*INFORMATION PROVIDED:*
_ _ _

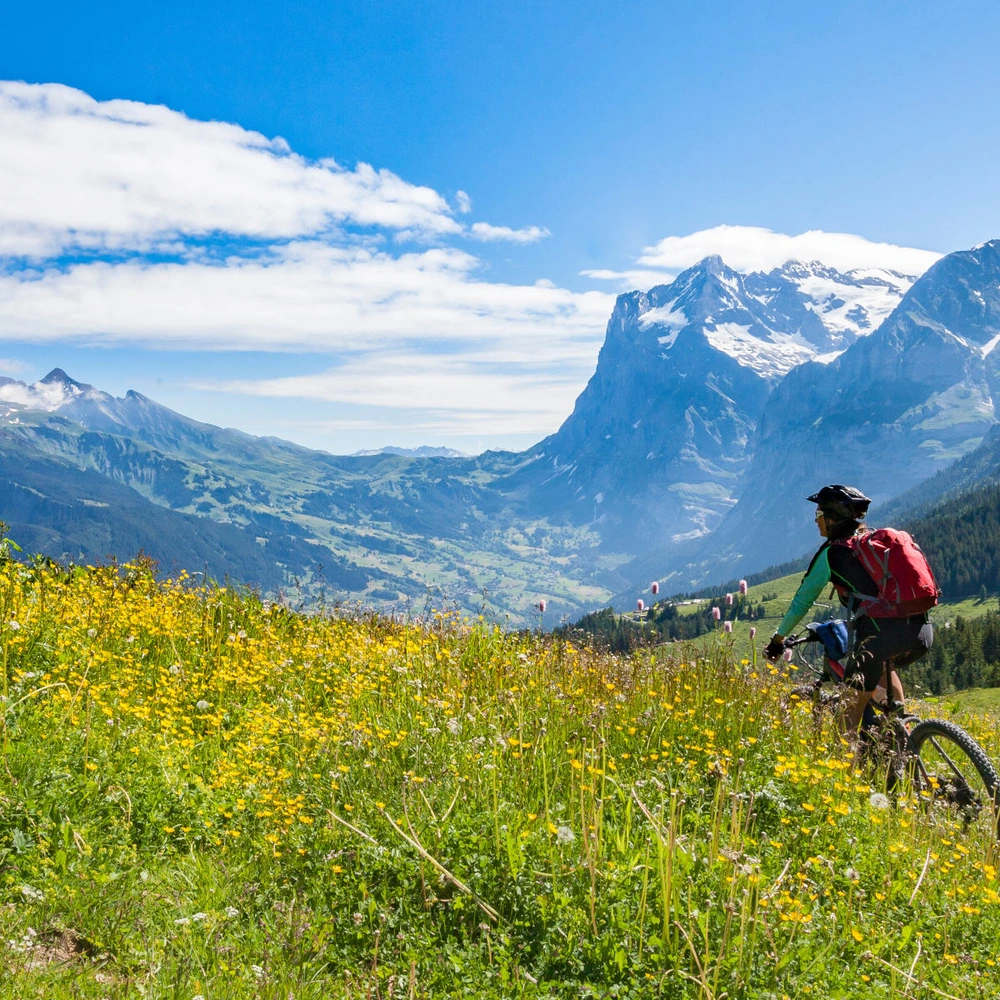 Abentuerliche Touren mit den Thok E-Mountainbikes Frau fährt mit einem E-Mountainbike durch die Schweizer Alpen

_ _ _

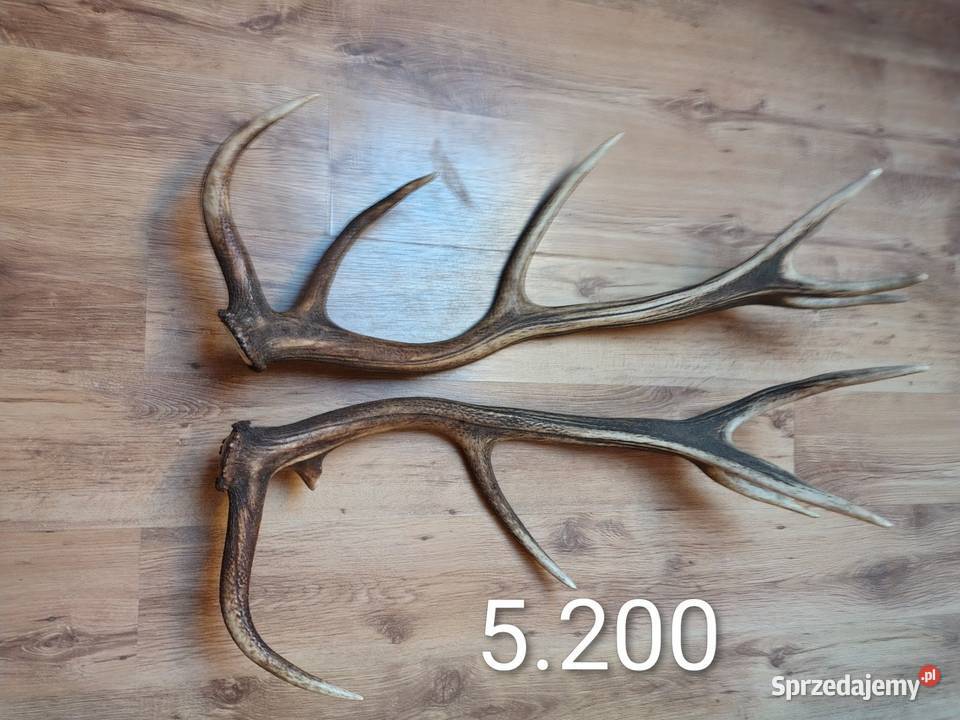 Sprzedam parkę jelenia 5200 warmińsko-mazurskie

_ _ _

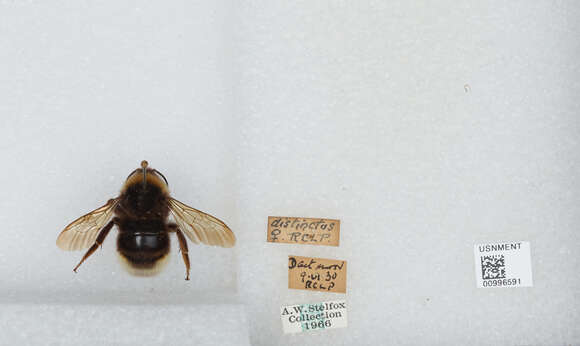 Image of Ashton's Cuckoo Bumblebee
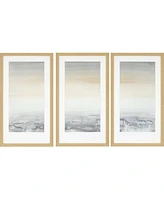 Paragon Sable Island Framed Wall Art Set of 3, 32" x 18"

_ _ _

*REQUIRED WORK:*
In the records above, find the line with "Image of Ashton's Cuckoo Bumblebee" and the line with "Paragon Sable Island"; please transcribe exactly those two lines and all lines between them, omitting any picture.

*RESULT FOR THIS TASK:*
 Image of Ashton's Cuckoo Bumblebee
 Paragon Sable Island Framed Wall Art Set of 3, 32" x 18"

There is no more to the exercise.